American returns 68 years on to French town that helped him after WWII

He told The Connexion he met a childhood friend on the visit to the south of France where his family began to rebuild their lives on release from a Nazi labour camp

Mr Hadshinow in Caissargues in September 2023 and in a Displaced Persons camp in 1946
Published Last updated

An American has told how he returned, 68 years on, to the village of his childhood in the south of France, where his refugee family settled after being released from a Nazi labour camp at the end of World War Two.

The Connexion spoke to Valery Hadshinow, now 80, after his recent visit to Caissargues, near Nimes in the Gard.

“I still love the sound of the cigales,” he said. “Seeing the wild bulls of the Camargue and the vineyards, I love all of it.”

Today, there are 4,000 people living in Caissargues but only 200 were there in Mr Hadshinow’s day.

For seven years after the war, his family lived in an abandoned railway station outside the village, with no running water or electricity after being uprooted from their homeland in Ukraine, then part of the Soviet Union.

For Mr Hadshinow, the childhood memory is a fond one.

“There were a couple of boys my own age and we were always playing and riding the bicycle all over,” he said. “We had a well, an outhouse and plenty of land for chickens, ducks, rabbits and a goat for milk, life was good.”

Before moving to Caissargues, with its vineyards, sunny haze and constant cigale song, Mr Hadshinow’s life had been a harrowing tale.

Nazi invasion

He was born into perhaps one of the most difficult times and places in human history: Ukraine in 1943, then part of the Soviet Union, during the brutal Nazi occupation.

“I was around nine months old when the Nazis started retreating,” he said.

“They rounded up thousands of people, deported them back to Germany and put them under their control in slave labour camps.

“I don't know too much about daily life at the camp. My parents never talked about that time”.

Liberated by the Americans, Mr Hadshinow’s father did not want his family, who were ethnic Greeks, to return to the USSR during Stalin’s reign of terror.

They were taken to a displaced persons camp in the British occupation zone of defeated Germany, where his father worked as a labourer.

Read also: Should Nazi defences be preserved or forgotten along French coast?

Refugees in France

When the time came to move, the family chose to go to France. However, three-year-old Valery, malnourished and sick with tuberculosis, had first to go to a sanitorium in the mountains to build up his strength.
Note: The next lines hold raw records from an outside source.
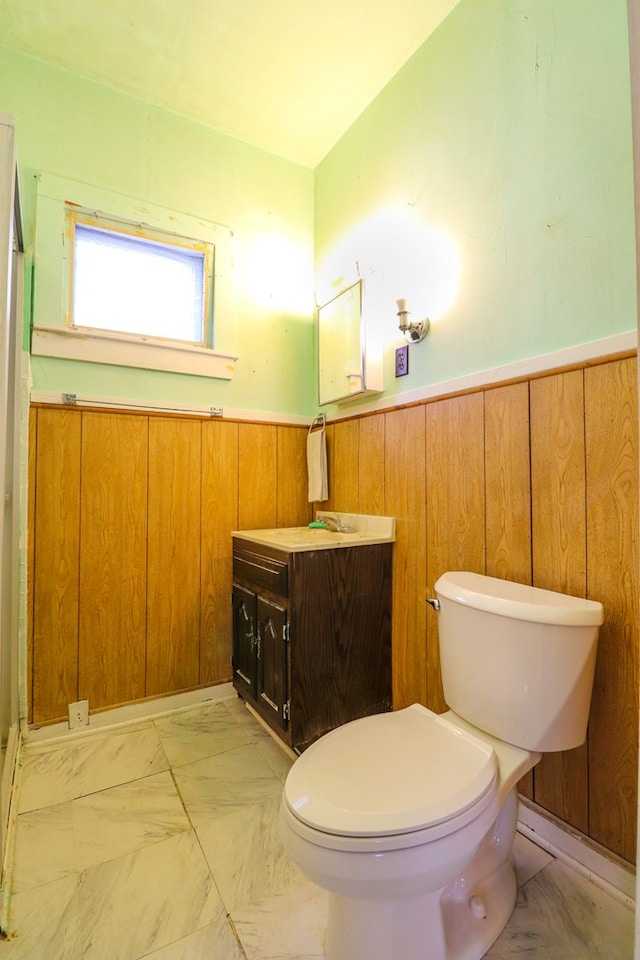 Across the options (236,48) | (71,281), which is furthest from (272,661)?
(236,48)

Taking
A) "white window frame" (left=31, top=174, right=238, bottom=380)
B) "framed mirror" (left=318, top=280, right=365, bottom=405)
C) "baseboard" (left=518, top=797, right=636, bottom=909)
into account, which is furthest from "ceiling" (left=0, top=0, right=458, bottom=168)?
"baseboard" (left=518, top=797, right=636, bottom=909)

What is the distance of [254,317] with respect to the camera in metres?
2.16

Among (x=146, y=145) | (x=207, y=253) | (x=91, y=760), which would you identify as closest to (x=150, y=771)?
(x=91, y=760)

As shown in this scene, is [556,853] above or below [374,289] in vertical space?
below

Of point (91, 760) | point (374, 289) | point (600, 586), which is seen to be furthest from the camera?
point (374, 289)

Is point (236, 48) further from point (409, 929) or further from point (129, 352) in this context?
point (409, 929)

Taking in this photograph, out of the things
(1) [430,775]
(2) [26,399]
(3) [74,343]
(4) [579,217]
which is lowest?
(1) [430,775]

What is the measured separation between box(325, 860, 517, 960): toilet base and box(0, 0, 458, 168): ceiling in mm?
2572

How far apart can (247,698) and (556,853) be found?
112 centimetres

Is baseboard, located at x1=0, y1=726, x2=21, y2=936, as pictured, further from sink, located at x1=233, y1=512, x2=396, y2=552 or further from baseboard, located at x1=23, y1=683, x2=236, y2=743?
sink, located at x1=233, y1=512, x2=396, y2=552

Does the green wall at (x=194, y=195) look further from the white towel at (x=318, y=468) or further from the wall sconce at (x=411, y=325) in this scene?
the wall sconce at (x=411, y=325)

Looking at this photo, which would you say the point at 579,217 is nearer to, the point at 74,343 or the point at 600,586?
the point at 600,586

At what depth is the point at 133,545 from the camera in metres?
1.83

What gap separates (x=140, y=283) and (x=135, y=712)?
1.83m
“After three years I recovered enough to be able to come home,” he said. “I hadn't seen my parents all those years and I had completely forgotten Russian. I could understand a little but I could only speak with them in French.”

Then came seven years of peace for Mr Hadshinow, living in Caissargues, playing with his friends and riding his bike. However, his family were not to settle there.

Read also: Last survivor of French D-Day commando unit dies aged 100

Settling in the US

His mother had been in contact with members of the Russian diaspora, and when he was 13, she secured sponsorship from a methodist church to let them emigrate to the US.

“I wasn’t told too much about it and I didn’t know too much about America. We didn't have electricity so I wasn’t very aware of the outside world,” he said.

“We had to go to Belgium and take a flight on the Flying Tigers line to New York. It took about 18 hours with a couple of stops. I was sick the whole time.”

In America the other kids called him ‘frenchie’ at first, then over the years he lost his accent. He worked, married and had children in New Jersey.

Now aged 80, he still works at the company he founded, ‘Designs by Val,’ whose motto reveals a typical American aplomb: “You sketch it, we etch it!”

He has been sketching, etching and engraving monuments and memorials from his workshop in New Jersey for a lifetime now.

“It started out as a hobby,” he said. “Before that I was an industrial draughtsman and then 35 years ago I started doing this, first working with stained glass, then moving into sandblast etching and gilding for the last 35 years.”

Monuments, memorials, sculptures, plaques have become Mr Hadshinow’s life’s work.

Returning home

Why at the age of 80 did he travel across the Atlantic to visit Caissargues?

“It was a case of ‘you can't go home again’”, he said. “And it meant a great deal to return to Caissargues with my son Robert.”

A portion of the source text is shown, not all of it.